The F-150 Lightning has 4-doors. It seats five. It can carry up to 2,000 lbs. It can tow up to 10,000 lbs. It has four-wheel drive.
The cargo bed is 67.1 inches long with 52.8 cu.ft. of space. Since there is no internal combustion engine (ICE) under the hood, the Lightning has a front trunk with 14.1 cu.ft. of volume. Yes, it holds two sets of golf clubs. But for those of you with a young family, it holds all those baby/toddler things, such as a stroller, pack ?n play, foldable high chair, a cooler full of snacks and so on.
With the standard-range battery it develops 426-horsepower and has an EPA-estimated driving range of 230 miles on a 100% fully charged battery. When equipped with the extended-range battery it develops 563-horespower and has an EPA-estimated driving range of 300 miles.
Because electric motors develop a lot of torque at low motor RPM, BEVs can accelerate quickly. Perhaps too quickly for the average driver. In any case, the Lightning can get to 60 mph from stop in a bit over 4 seconds. That’s race-car quick.
The Lightning is offered in Pro, XLT, Lariat and Platinum trims. Prices start around $40,000 and can go up into the $90,000 range. Lightning does qualify for the $7,500 Federal tax credit for EVs.
On the invite of Ford, I drove the new F-150 for about 30 minutes around the streets of Chicago. Since there is no ICE under the hood it is quiet. I love this about BEVs. Both less noise in the cabin and less noise in the neighborhoods. Huzzah!
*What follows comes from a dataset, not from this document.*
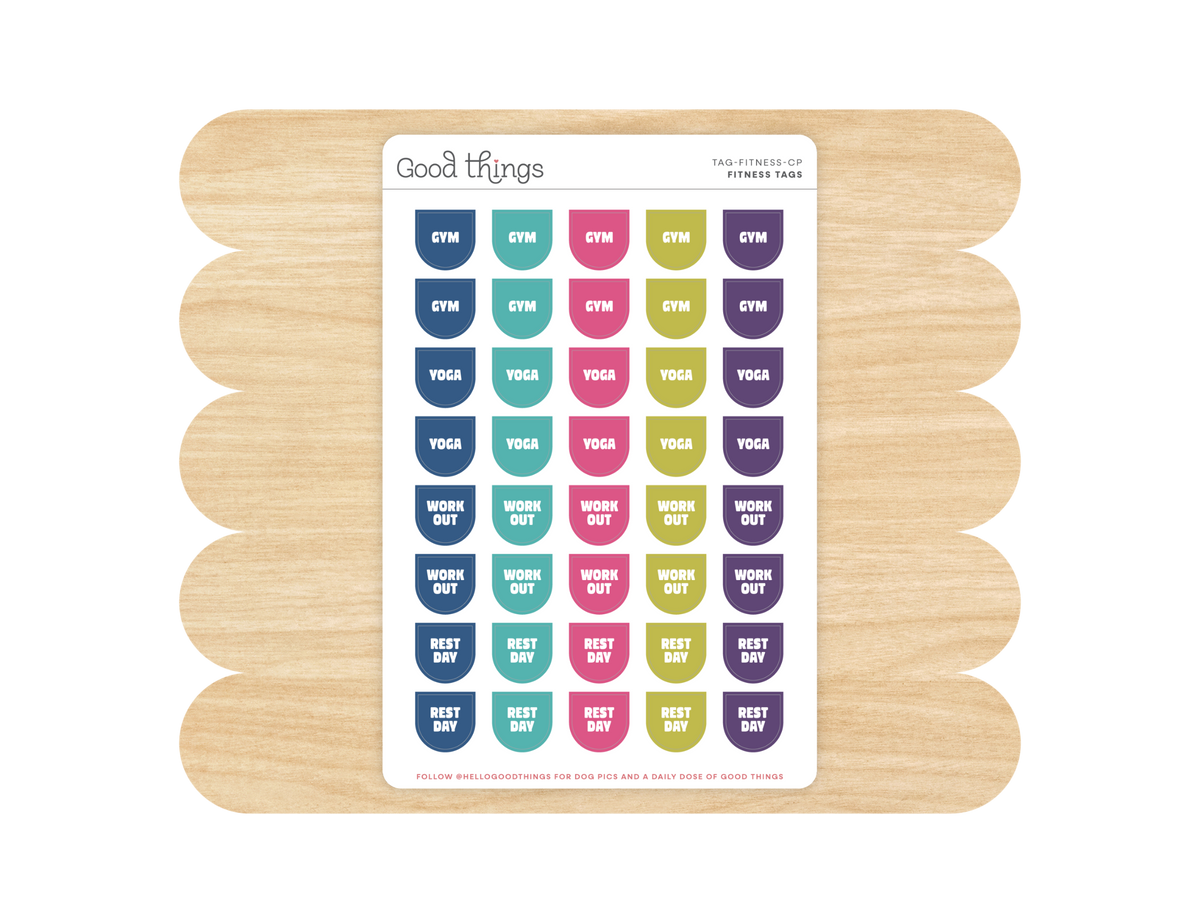 Fitness Calendar Tag Sticker Sheet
Ten years ago the big concern with BEVs was driving range. The first BEV I ever drove had a driving range of 60 miles! Today were up to 300 miles and more.
Charging, or recharging, has become the bigger concern. The Lightning can be recharged from 15% to 100% battery charge using Ford’s Level 2 240-volt 80-amp charger in 8 to 10 hours. That’s overnight while parked at your workplace or home garage. For on-the-road charging, using a Level 3 150kW DC-fast charger (DCFC) you’ll need between 41 and 44 minutes to take the battery from 15% to 80% charge.
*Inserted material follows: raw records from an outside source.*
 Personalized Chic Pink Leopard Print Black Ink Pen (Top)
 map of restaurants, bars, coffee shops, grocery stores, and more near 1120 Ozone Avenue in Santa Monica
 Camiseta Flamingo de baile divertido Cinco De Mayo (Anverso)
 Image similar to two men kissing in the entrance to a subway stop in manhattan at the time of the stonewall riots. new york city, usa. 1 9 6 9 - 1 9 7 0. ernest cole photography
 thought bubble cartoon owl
The ability for everyone who wants to drive a BEV to charge the battery is an issue for many. U.S. Bureau of the Census American Housing Survey says 63% of all occupied housing units have a garage or carport. Garages and carports often have access to electricity for parked vehicles to allow for the installation of a Level 2 charger. But that leaves 37% of American households with no garage or carport. Industry leaders have to leap a massive hurdle to penetrate the white space of vehicle owners who don’t park in their garages and struggle to find viable charging options.
The situation is especially acute for dense communities where BEV owners may live in apartment or condominium complexes--a multi-unit dwelling or MUD, and are not able to install home chargers in a garage. Extension cords running from apartment building windows to street parking (over sidewalks) in urban areas isn't sustainable. European cities such as Rome and Paris have many public, curb-side chargers near street corners. America needs this. The U.S. Department of Energy is working with engineering consultants to develop viable options for MUD charging.
All in all, the F-150 Lightning is quite nice. The cabin is very comfortable and quiet. The center mounted tablet-like touch screen does everything except make coffee. Although, you can get guidance to a local barista. If the cabin is too quiet for you, you can activate the simulated sound of an engine. Ford was smart to provide an on/off for this feature. I prefer it off.
Lastly, I find it curious that every BEV is being compared to every BEV. If you need a pickup then buy a pickup. If not, using Ford as an example, get a Mustang Mach-e if that meets your wants and needs.